Configure Prompt Flow to send trace data to your AI Project, remembering to replace the text in the brackets.

pf config set trace.destination=azureml://subscriptions/[your_Subscription_id]/resourcegroups/[your_resource_group_name]/providers/Microsoft.MachineLearningServices/workspaces/[your_project_name]

Export the ./src directory to the PYTHONPATH to allow Python to find modules in the flow source directory.
```
export PYTHONPATH=./src:$PYTHONPATH
```
Skipping this step will result in a `ModuleNotFoundError: No module named chat_request’.
Enable Allow storage account key access option in Settings > Configuration of the storage account.
Execute the following command to run the flow with trace enabled. The run_flow.py script was created for ease of use.

Before running the following command, ensure you have the subscription ID, resource group, and project name from your Azure AI Studio project exported in your shell environment.
```
   export AZURE_SUBSCRIPTION_ID=[your_subscription_id]
   export AZURE_RESOURCE_GROUP=[your_resource_group]
   export AZUREAI_PROJECT_NAME=[your_project_name]
```
```
    python ./util/run_flow.py "How can I access my medical records at Lamna Healthcare?"
```
The output of the command will contain the link to the trace in AI Studio. you will need to grab it from there as there is no way to navigate to it directly from AI Studio.

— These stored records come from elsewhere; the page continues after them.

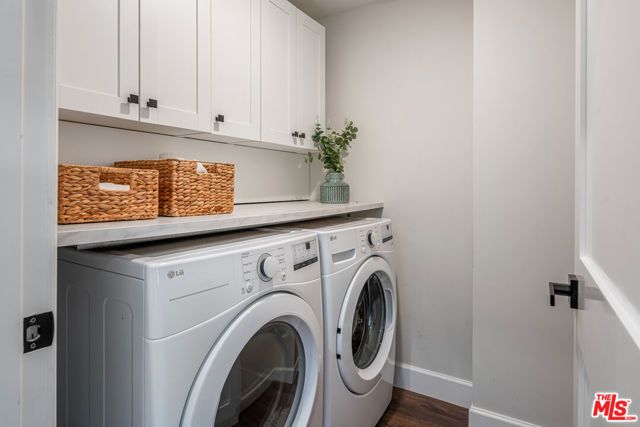 1147 N Beachwood 5, Los Angeles, CA 90038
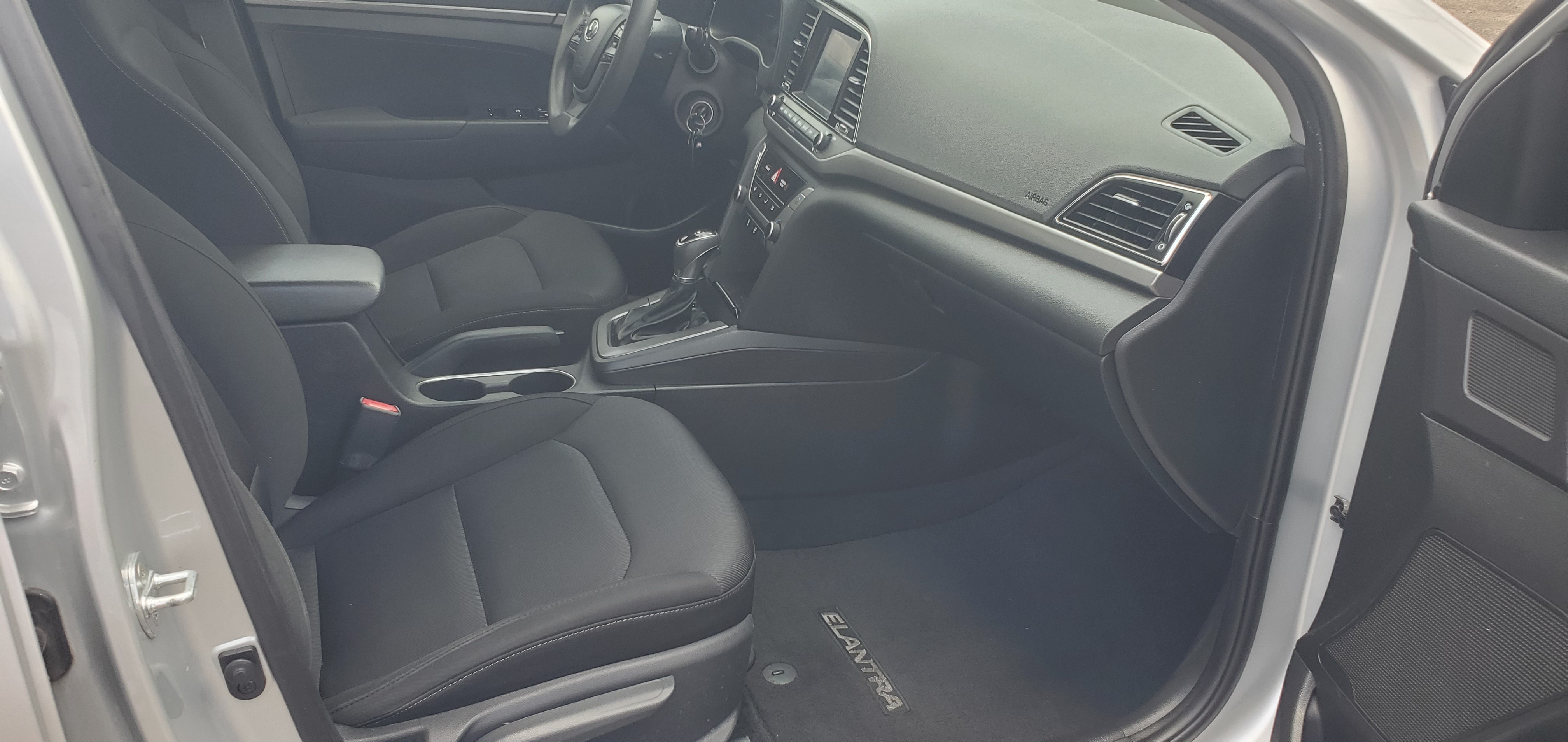 Vehicle photo 11
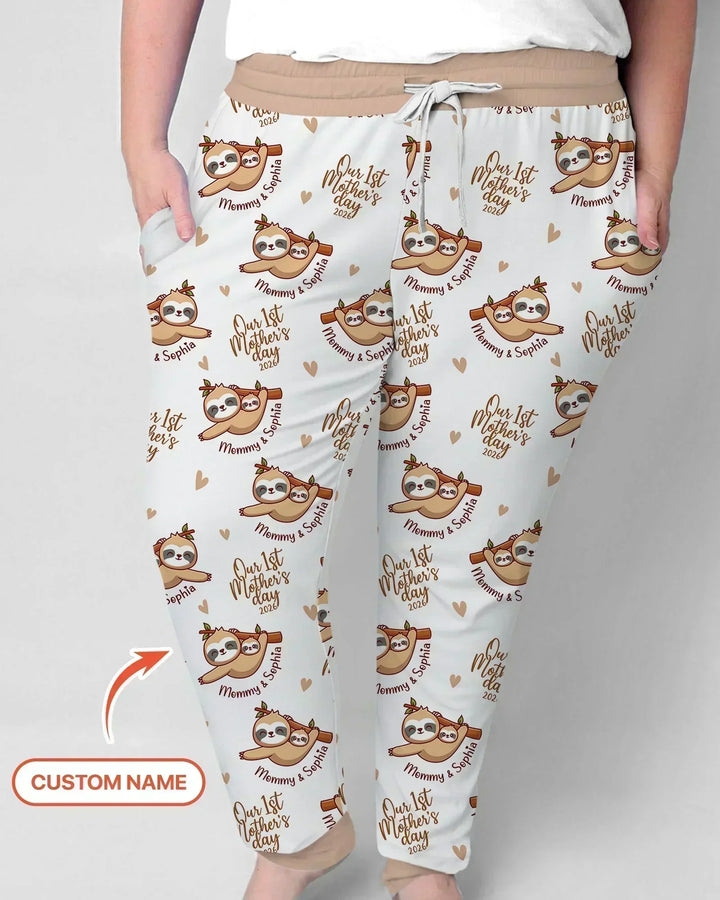 Benutzerdefinierter Name Mama & Baby Faultier – Unser erster Muttertag 2026 Bambus Damen Pyjama Set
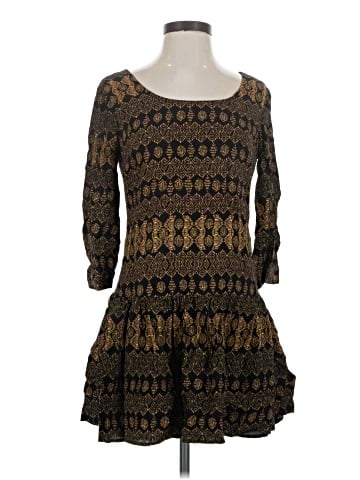 Love 21 Casual Dress (view 1)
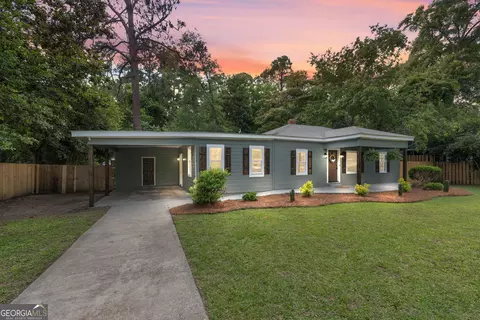 15 Henry St, Statesboro, GA 30458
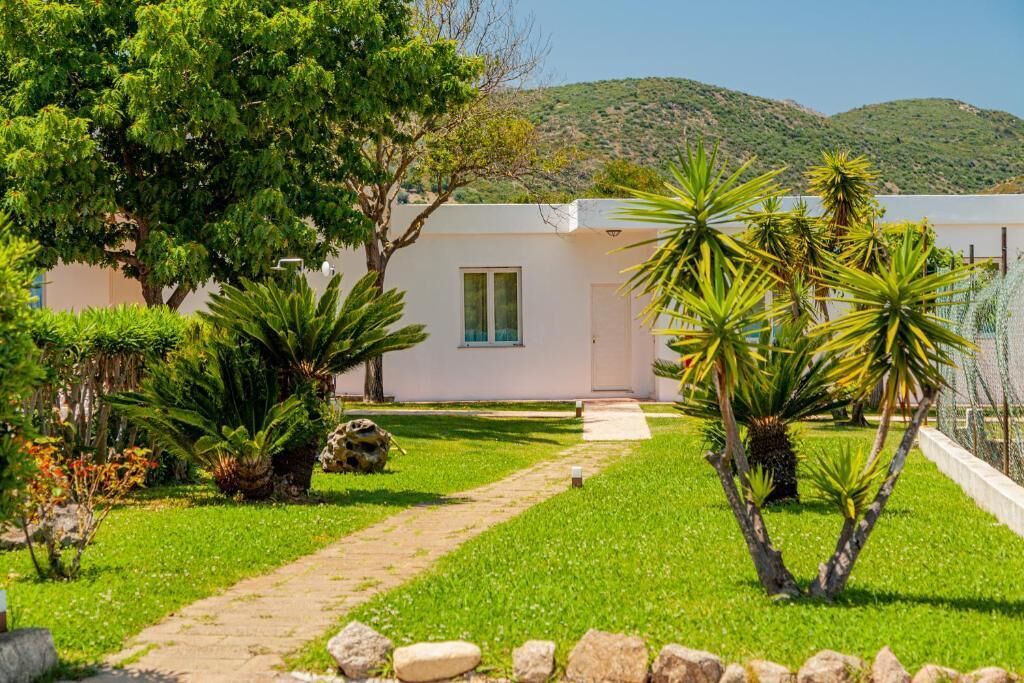 Memory foam beds, minibar, in-room safe, desk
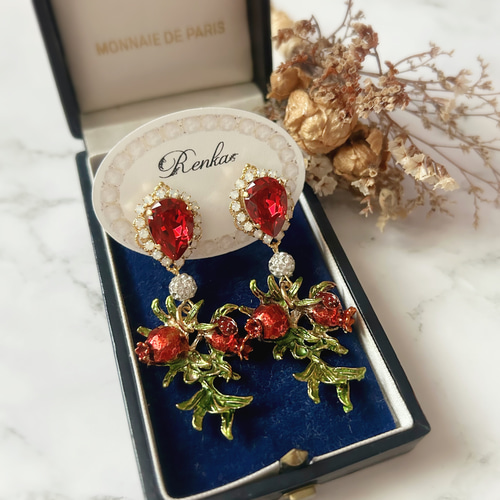 赤い果実とスワロフスキーの大ぶりイヤリング【フルーツ・アンティーク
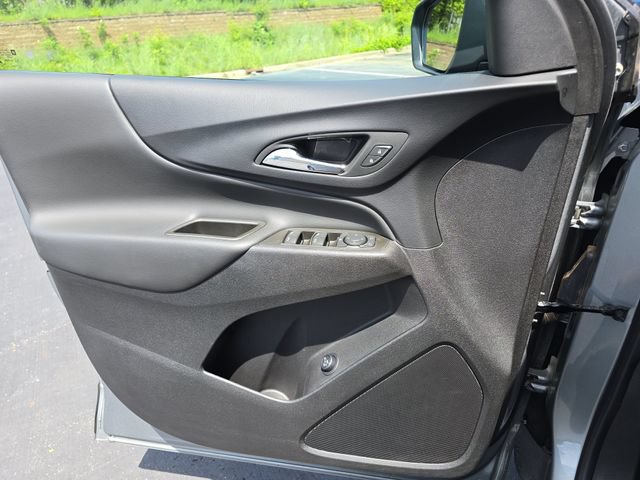 Used 2023 Chevrolet Equinox LT FWD image 30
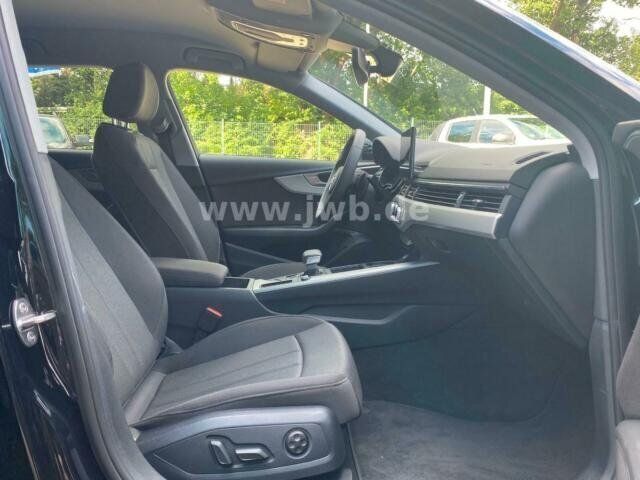 Gebraucht Audi A4 Ambiente 163 PS (119 kW) 2019 Schwarz Kombi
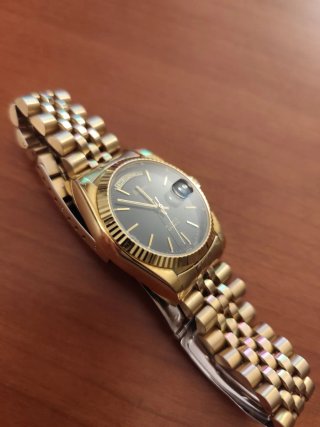 Reloj Bulova Automático Dorado Día Fecha
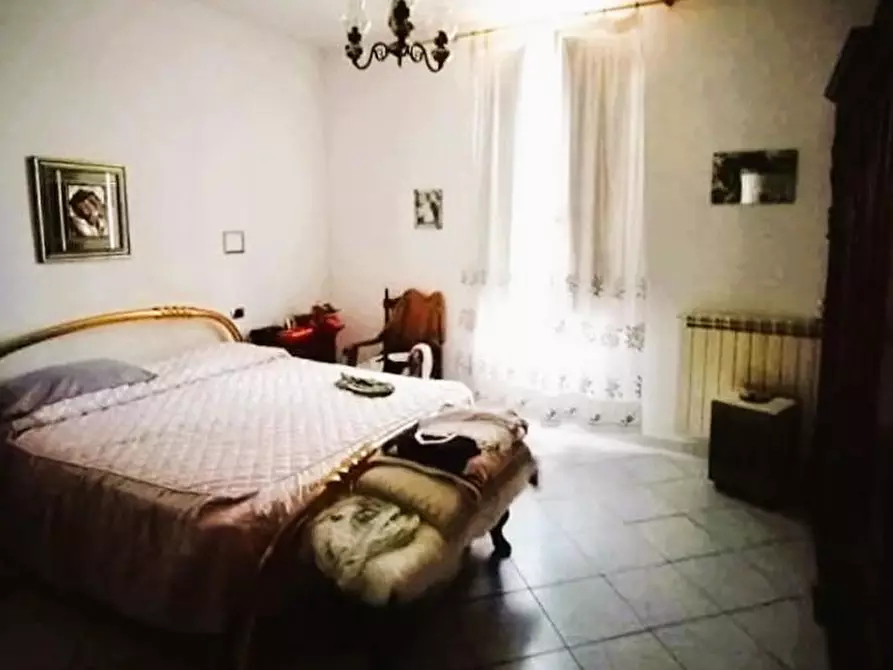 Immagine 11 di Casa indipendente in vendita  a Carrara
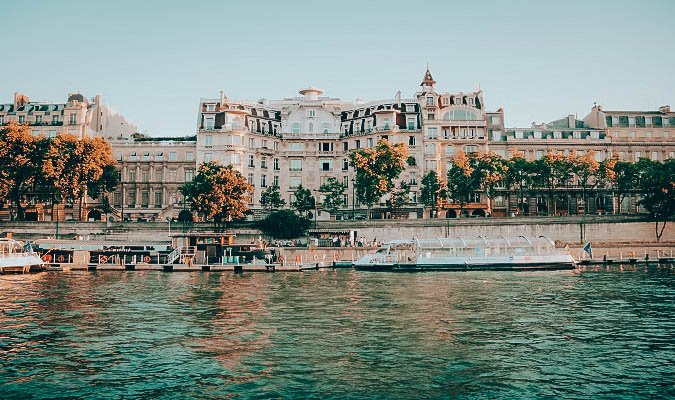 Seine River Paris: Curiosities, Boat Tours, and Hotels on the Riverbanks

If you get a permission error, you may need to add the Storage Blob Data Contributor role to the user logged in with az login.
After running the flow, you can review the results in AI Studio.
Drill down into the trace for more detailed analysis.
Once done, you can revert the trace configuration to local.
```
pf config set trace.destination="local"
```

In this exercise, we successfully created a conversational RAG (Retrieval-Augmented Generation) flow for Lamna Healthcare using VS Code in Azure AI Studio. We set up the development environment, cloned the project repository, loaded and indexed proprietary data, modified the prompt to tailor the AI assistant to Lamna Healthcare’s needs, and tested and debugged the entire flow.